To truly love what you do means to remove all of your egotistical ways and surrender as...yourself
. Show them the uncut version of yourself. If you're brave enough, vent as if you were sitting at your psychologist's office. Watch how many people you help just by relating to someone who is experiencing similar life trials. "Well it's none of anybody's business..."
But as writers, most of us tell all. And when we do hold back, that's when it shows -- that's when it starts lacking "ummph". In any type of career or business, whether it be entertainment, writing, art, (yes art is a career) or any sort of business -- even like in my town, there are 5 different pizzerias -- make yours stand out. Put your heart and soul into your "sauce" and make people see, feel and experience homemade uniqueness that has only been derived by you.

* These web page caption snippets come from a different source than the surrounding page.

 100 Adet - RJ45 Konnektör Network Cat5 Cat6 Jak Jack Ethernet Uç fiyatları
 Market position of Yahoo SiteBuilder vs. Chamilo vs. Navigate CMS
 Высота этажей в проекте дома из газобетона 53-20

The other day, Madelene and I were discussing people stealing other people's music, like the issue and lawsuit against Robin Thicke's song, "Blurred Lines". We also spoke about plagiarism, in degrees that can be seen as saying the same thing but in different words, all the while giving the same meaning. Everything has been said, has been sung, has been written, but in various ways. As a guitarist myself, I find that sometimes I'll be composing a song and the melody sounds exactly like another song I've heard before. This is where we get our influences from. "Who's your biggest influence" is asked to many artists. For me, I read a lot. I have to. I'm a writer. I also listen and watch many guitarists because I want to become a better musician. There is always room for improvement. This is not to say, copy people who do the same type of work, but instead, discover new and unique ways of enhancing your own craft.

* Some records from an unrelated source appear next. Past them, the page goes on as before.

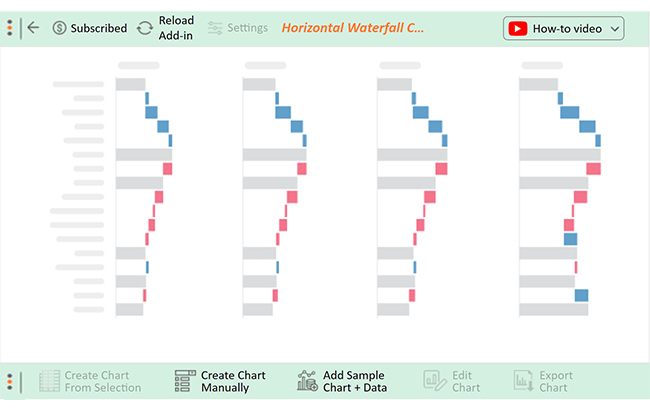 Cash Flow Forecasting Template 4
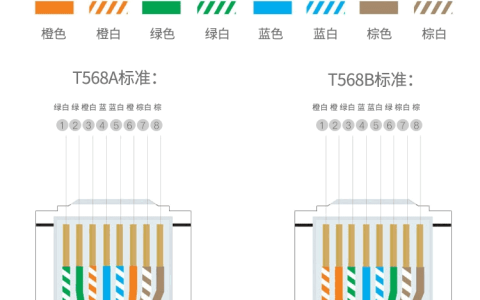 水晶头六类和五类的区别？它们的接线标准有何不同？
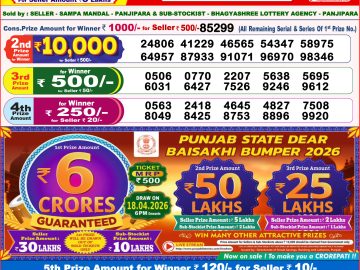 लाटरी सम्बाद टुडे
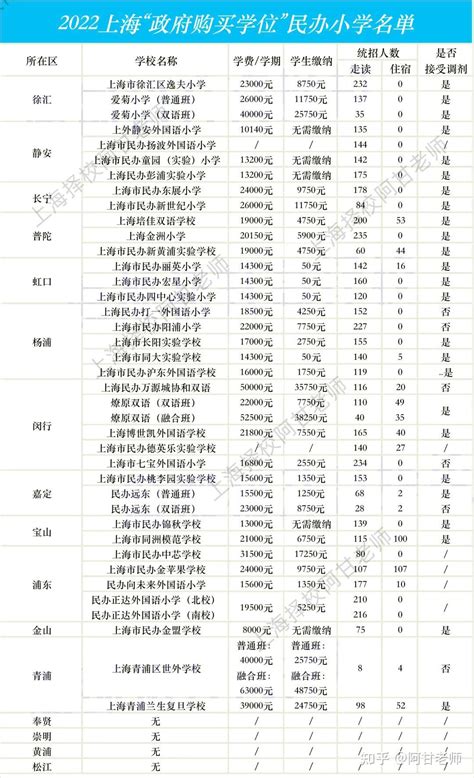 广州今年新增43所学校，覆盖10个区！部分明年开学！-广州德诚入户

Bottom line is, whenever I see or hear someone comparing themselves to other people, no matter what it is -- I just get this feeling of a perpetual bitterness that'll probably never go away, unless they catch it on time. When you are trying to compete, whether you make it known or not, other people can 'see' your struggle. It's like watching a runner trying to pass someone on the track. You can see his or her struggle to just keep up with them, no less pass them. I used to be "that runner", struggling and sweating bullets watching people pass me by. And now, I'm running on the side of a beautiful ocean and enjoying the view. I no longer want to be behind someone feeling bitter about their success. I want to look at someone running ahead of me and congratulate them instead, maybe even pick up a little inspiration while I'm behind. That's the only way we can get ahead is learning from others who have paved the way for us.